--- Information given ---
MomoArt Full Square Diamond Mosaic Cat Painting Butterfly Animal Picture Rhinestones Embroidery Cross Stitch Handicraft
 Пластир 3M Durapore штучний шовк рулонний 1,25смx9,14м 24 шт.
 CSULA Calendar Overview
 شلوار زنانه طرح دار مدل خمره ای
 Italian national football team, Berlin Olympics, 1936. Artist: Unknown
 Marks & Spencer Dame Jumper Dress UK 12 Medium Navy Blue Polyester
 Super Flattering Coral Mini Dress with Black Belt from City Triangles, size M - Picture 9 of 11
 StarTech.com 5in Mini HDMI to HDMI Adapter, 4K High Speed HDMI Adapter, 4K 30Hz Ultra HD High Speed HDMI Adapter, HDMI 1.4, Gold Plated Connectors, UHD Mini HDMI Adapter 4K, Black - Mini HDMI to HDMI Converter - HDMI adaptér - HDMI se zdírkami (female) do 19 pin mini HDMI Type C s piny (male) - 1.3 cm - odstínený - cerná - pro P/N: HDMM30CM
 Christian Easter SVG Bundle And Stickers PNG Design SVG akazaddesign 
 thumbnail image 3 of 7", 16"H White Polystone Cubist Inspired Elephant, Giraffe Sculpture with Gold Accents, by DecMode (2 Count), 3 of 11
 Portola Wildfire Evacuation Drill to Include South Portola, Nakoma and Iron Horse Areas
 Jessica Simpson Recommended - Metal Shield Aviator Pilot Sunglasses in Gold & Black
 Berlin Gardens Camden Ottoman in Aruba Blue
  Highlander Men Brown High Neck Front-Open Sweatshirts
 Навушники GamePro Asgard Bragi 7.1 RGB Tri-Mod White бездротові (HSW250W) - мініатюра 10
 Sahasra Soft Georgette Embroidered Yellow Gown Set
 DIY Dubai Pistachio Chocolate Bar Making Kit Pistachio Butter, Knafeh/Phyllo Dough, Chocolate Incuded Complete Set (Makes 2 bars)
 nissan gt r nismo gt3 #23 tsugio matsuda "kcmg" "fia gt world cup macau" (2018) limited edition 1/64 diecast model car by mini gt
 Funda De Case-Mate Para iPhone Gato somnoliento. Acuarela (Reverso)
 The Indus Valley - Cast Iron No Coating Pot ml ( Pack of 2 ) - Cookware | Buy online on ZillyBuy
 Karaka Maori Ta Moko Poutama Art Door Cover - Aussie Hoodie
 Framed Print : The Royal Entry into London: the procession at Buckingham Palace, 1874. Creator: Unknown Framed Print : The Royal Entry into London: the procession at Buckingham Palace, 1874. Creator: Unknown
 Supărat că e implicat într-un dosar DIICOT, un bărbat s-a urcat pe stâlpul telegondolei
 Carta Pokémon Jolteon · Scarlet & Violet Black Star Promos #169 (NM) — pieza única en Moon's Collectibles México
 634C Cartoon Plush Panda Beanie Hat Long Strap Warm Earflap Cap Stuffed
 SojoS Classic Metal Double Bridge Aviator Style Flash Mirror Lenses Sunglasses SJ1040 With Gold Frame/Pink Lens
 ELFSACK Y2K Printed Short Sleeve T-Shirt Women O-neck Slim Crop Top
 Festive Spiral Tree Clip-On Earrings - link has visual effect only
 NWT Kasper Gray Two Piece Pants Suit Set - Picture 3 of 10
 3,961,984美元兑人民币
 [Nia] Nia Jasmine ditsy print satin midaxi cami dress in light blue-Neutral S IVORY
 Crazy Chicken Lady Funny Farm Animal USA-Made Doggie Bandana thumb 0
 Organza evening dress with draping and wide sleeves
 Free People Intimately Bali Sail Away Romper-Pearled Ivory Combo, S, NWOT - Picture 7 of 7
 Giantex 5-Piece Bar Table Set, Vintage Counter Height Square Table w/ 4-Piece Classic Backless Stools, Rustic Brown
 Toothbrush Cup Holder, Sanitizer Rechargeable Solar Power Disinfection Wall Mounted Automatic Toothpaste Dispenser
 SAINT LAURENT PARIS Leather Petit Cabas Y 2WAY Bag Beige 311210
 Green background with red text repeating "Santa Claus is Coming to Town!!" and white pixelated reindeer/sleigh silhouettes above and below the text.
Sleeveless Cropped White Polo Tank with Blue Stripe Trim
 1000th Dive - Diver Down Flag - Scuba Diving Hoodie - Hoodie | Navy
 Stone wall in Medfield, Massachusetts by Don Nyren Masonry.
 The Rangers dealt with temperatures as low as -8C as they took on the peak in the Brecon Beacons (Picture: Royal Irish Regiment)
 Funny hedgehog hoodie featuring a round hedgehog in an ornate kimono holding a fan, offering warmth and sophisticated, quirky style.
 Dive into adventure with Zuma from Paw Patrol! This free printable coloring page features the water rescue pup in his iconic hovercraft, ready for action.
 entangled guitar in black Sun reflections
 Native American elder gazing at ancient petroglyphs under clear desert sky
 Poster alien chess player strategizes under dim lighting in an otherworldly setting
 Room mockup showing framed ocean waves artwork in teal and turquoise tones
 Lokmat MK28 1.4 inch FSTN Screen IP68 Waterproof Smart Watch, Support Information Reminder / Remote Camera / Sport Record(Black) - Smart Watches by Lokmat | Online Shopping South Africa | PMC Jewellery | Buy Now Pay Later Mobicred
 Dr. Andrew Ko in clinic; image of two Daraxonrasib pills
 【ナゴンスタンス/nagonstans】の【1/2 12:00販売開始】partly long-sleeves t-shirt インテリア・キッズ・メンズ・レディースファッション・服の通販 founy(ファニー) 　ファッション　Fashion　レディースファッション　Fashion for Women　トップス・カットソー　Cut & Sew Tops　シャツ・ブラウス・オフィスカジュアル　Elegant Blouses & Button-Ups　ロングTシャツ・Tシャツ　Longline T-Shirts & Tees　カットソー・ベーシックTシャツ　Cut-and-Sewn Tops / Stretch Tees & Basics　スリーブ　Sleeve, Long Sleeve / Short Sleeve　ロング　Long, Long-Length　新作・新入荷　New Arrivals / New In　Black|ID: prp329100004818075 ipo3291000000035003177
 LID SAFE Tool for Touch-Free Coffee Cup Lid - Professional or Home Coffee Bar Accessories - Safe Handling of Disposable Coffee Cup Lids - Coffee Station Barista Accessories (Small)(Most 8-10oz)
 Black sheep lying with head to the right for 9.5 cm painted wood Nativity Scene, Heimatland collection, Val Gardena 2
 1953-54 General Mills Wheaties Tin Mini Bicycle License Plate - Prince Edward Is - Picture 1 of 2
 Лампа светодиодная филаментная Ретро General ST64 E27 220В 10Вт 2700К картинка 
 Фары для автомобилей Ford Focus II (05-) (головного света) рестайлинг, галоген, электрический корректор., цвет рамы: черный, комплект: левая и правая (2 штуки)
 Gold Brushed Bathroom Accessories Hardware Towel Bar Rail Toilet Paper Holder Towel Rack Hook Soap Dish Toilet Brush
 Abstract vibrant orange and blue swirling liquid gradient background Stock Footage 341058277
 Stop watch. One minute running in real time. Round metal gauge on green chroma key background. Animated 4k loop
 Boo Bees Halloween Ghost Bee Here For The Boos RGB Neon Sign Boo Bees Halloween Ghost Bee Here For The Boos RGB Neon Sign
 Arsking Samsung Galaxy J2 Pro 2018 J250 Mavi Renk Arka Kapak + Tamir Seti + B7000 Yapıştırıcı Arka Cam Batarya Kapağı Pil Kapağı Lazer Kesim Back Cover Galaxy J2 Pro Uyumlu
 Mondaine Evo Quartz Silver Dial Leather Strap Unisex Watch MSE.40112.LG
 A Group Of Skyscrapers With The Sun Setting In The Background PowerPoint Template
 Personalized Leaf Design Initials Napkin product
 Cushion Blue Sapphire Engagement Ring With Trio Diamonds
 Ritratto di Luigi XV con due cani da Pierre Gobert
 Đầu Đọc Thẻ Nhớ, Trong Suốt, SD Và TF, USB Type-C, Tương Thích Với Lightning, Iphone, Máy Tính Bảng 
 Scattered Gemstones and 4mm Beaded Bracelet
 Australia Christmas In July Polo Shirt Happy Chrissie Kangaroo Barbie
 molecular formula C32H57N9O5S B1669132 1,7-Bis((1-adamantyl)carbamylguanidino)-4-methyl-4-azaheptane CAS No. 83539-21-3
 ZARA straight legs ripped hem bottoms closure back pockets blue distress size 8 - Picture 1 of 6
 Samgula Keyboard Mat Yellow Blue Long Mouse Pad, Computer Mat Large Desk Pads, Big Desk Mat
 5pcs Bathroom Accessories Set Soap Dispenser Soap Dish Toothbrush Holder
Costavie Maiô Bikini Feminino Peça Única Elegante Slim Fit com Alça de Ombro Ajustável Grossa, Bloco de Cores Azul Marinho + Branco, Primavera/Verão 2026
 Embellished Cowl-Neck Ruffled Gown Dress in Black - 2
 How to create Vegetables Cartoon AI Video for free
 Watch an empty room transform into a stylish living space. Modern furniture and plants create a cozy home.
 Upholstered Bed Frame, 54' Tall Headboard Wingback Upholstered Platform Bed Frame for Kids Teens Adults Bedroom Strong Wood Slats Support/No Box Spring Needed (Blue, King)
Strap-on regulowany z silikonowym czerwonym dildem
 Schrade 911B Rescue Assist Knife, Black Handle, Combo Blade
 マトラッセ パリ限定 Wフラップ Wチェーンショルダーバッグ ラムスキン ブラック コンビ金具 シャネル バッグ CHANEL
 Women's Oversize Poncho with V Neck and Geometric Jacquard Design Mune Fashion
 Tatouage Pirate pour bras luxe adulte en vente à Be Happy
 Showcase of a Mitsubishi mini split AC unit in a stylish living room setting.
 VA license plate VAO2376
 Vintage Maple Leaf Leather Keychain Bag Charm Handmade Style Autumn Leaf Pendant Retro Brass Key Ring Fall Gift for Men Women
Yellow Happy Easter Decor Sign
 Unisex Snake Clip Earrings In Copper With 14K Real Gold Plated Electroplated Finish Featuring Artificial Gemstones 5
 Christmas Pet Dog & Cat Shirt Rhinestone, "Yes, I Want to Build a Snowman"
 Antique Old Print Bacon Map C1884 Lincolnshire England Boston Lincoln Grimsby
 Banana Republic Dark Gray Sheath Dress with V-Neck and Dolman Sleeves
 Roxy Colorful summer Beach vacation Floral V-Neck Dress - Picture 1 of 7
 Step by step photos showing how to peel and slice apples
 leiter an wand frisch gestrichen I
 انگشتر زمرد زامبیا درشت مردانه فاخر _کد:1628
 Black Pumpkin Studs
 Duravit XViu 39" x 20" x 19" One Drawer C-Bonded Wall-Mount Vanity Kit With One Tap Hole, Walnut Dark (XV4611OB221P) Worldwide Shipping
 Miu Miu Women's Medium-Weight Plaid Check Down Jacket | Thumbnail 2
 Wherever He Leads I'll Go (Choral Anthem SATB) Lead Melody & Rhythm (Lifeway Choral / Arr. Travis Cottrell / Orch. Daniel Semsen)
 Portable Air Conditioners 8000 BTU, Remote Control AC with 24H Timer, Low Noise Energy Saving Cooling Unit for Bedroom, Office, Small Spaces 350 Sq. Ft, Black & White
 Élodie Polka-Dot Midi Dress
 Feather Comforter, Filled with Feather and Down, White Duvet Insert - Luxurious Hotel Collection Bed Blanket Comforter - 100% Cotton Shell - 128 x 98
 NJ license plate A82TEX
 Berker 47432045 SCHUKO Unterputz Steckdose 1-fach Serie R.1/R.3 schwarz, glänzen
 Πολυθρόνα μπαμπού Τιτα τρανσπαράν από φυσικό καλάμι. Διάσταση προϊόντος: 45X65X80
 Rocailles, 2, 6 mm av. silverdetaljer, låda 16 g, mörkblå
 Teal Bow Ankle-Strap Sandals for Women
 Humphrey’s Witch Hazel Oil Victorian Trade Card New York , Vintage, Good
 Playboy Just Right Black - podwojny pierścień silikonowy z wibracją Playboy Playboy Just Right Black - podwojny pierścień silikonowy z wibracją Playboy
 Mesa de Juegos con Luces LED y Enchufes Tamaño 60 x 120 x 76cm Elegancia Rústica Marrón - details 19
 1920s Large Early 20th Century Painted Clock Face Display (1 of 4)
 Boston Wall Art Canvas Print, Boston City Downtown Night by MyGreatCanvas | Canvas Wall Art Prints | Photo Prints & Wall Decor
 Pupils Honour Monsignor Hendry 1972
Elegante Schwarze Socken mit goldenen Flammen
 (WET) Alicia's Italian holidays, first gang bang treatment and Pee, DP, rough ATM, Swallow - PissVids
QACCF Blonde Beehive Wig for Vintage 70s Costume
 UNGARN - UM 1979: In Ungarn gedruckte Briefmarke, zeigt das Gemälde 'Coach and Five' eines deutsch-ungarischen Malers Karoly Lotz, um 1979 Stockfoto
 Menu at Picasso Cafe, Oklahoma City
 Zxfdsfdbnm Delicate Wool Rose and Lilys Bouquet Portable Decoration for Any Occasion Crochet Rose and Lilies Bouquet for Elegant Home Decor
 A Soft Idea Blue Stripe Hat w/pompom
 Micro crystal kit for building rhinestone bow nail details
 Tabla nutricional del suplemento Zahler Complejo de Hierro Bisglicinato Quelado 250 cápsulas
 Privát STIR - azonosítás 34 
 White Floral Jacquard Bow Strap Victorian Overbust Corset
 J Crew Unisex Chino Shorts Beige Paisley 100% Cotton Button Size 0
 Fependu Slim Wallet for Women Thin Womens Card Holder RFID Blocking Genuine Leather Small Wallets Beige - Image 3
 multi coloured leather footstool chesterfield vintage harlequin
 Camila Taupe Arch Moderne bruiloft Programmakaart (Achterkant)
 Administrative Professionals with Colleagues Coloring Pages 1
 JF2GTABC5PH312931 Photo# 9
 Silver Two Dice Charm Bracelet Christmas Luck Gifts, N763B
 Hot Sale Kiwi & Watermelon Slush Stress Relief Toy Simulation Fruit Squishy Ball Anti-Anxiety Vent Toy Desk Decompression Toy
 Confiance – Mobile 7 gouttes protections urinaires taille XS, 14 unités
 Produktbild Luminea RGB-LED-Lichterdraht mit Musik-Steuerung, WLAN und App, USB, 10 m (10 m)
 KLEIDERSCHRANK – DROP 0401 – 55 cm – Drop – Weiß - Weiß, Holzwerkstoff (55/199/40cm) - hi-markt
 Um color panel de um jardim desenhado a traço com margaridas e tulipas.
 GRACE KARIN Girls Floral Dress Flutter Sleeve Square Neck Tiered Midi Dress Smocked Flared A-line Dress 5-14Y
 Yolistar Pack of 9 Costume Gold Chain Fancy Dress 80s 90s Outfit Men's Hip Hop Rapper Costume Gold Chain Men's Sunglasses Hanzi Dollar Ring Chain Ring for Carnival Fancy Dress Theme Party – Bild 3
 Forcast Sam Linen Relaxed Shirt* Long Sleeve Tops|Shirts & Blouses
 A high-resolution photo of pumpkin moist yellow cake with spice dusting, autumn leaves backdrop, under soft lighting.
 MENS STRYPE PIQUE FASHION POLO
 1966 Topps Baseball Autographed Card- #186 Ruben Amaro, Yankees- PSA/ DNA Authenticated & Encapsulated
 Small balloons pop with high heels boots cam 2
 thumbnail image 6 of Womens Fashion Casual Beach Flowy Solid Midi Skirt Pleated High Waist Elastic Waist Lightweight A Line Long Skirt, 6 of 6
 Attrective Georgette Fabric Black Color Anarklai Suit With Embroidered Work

--- Work request ---
Whenever a line of the material holds the word "Stripe", copy it out.

--- Response to this exercise ---
Sleeveless Cropped White Polo Tank with Blue Stripe Trim
 A Soft Idea Blue Stripe Hat w/pompom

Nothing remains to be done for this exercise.